Pathways: Asynchronous Distributed Dataflow

Updated 15 December 2025

Pathways is an asynchronous distributed dataflow system that orchestrates large-scale, heterogeneous computations using sharded dataflow graphs and decentralized scheduling.
It supports both regular SPMD and irregular MPMD workloads, optimizing resource utilization across diverse hardware accelerators like TPUs and GPUs.
The architecture separates control and data planes, leveraging high-bandwidth interconnects and masterless coordination to efficiently manage data movement and latency.

Pathways refers to a class of asynchronous distributed dataflow systems designed for the orchestration of large-scale heterogeneous computations, especially in machine learning and data-intensive workflows. The method generalizes from classic SPMD to more irregular, fine-grained MPMD workloads and supports both synchronous and asynchronous patterns at scale by leveraging sharded dataflow graphs, decentralized scheduling, and fine-grained control/data separation. Recent systems such as Pathways (Barham et al., 2022), DFlow (Shi et al., 2023), and AIR (Venugopal et al., 2020) exemplify different architectural approaches and performance tradeoffs in this field.
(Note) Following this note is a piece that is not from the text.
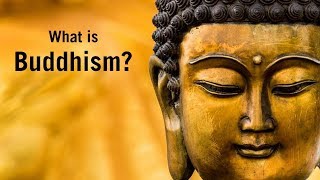 What is Buddhism What do Buddhists believe [upl. by May]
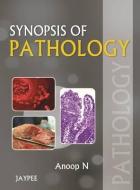 Synopsis of Pathology di Anoop N edito da Jaypee Brothers Medical Publishers Pvt Ltd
1. Architectural Overview and Design Goals

Asynchronous distributed dataflow systems are constructed around the intent to manage and schedule parallel computations efficiently across thousands of hardware accelerators (TPUs, GPUs), networked nodes, or containers. Key architectural goals include:

Workload Flexibility: Seamless support for both regular SPMD (single-program, multiple-data) execution and irregular MPMD (multiple-program, multiple-data) models, e.g., transformer pipelines, Mixture-of-Experts, and sparsely routed models.
Scalability: Capacity to operate over thousands of devices, multiple islands/pods, and heterogeneous accelerators.
Virtualization and Multi-tenancy: Abstract physical topology via virtual devices/slices, enabling dynamic assignment and transparent hardware sharing.
Single-controller or Masterless Operation: Some systems centralize resource allocation and scheduling (Pathways), while others eliminate master nodes and operate peer-to-peer (AIR).
Efficient Data Movement: Coordination of bulk data via high-bandwidth interconnect (ICI, NVLink) and finely-batched control traffic over commodity networks (RDMA, DCN).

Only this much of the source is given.